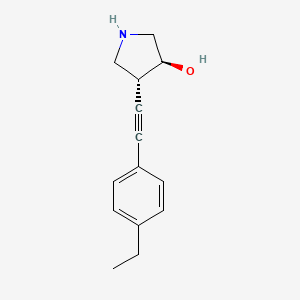 molecular formula C14H17NO B1531782 (3S,4R)-4-[2-(4-ethylphenyl)ethynyl]pyrrolidin-3-ol CAS No. 2165479-88-7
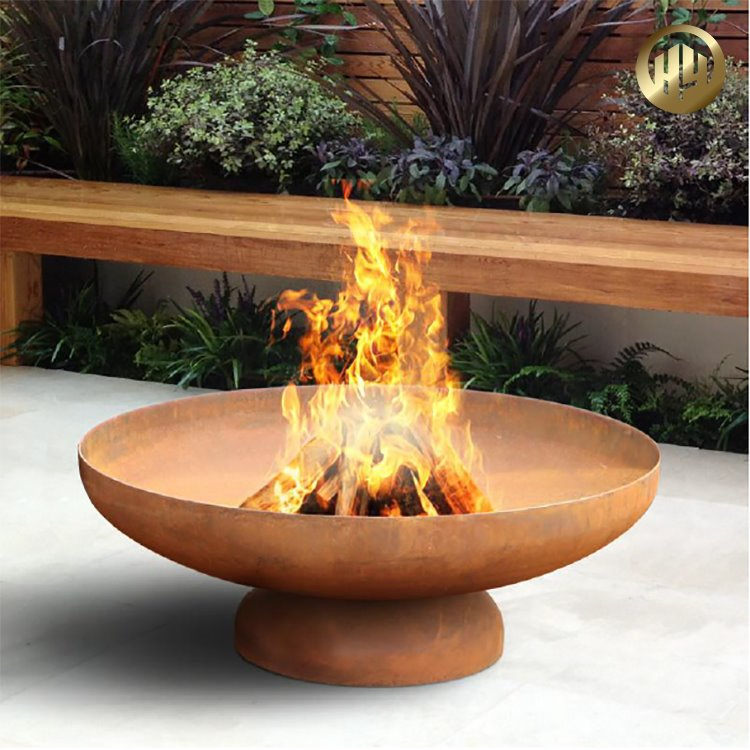 Corten Steel Rusty Welding Assembly Camping Metal Heater Fire Pit
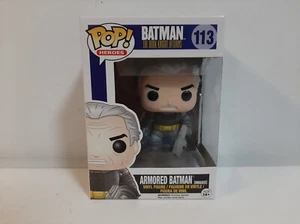 Pop Vinyl Figure Pop Heroes The Dark Knight Returns Armored Batman Unmask # 113 - Picture 1 of 6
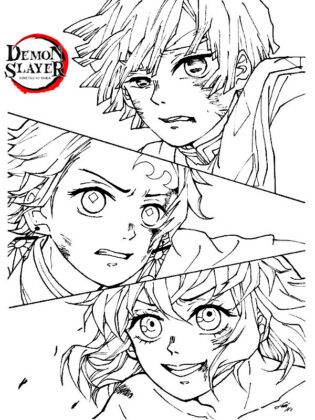 demon slayer dibujos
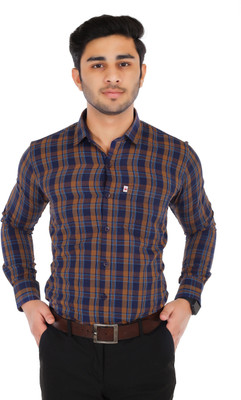 Arthz Fab Trends Men Solid Casual Brown, Light Blue, Dark Blue Shirt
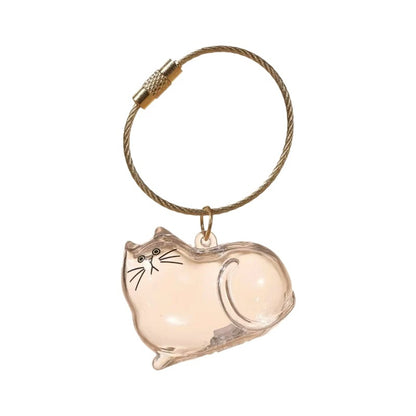 Wholesale Transparent Cat Hair Storage Capsule Pendant Gashapon Cat Hair Storage Box Keychain Commemorative Car Pendant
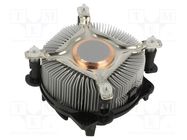 Heatsink: extruded; 12VDC; aluminium,copper; 69.5m3/h; H: 62.4mm Akasa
---*---
Problem:
Starting at the line that contains "Corten Steel Rusty", write out exactly each line through the last one in the listing above, leaving out the pictures and adding nothing else.

Result below:
 Corten Steel Rusty Welding Assembly Camping Metal Heater Fire Pit
 Pop Vinyl Figure Pop Heroes The Dark Knight Returns Armored Batman Unmask # 113 - Picture 1 of 6
 demon slayer dibujos
 Arthz Fab Trends Men Solid Casual Brown, Light Blue, Dark Blue Shirt
 Wholesale Transparent Cat Hair Storage Capsule Pendant Gashapon Cat Hair Storage Box Keychain Commemorative Car Pendant
 Heatsink: extruded; 12VDC; aluminium,copper; 69.5m3/h; H: 62.4mm Akasa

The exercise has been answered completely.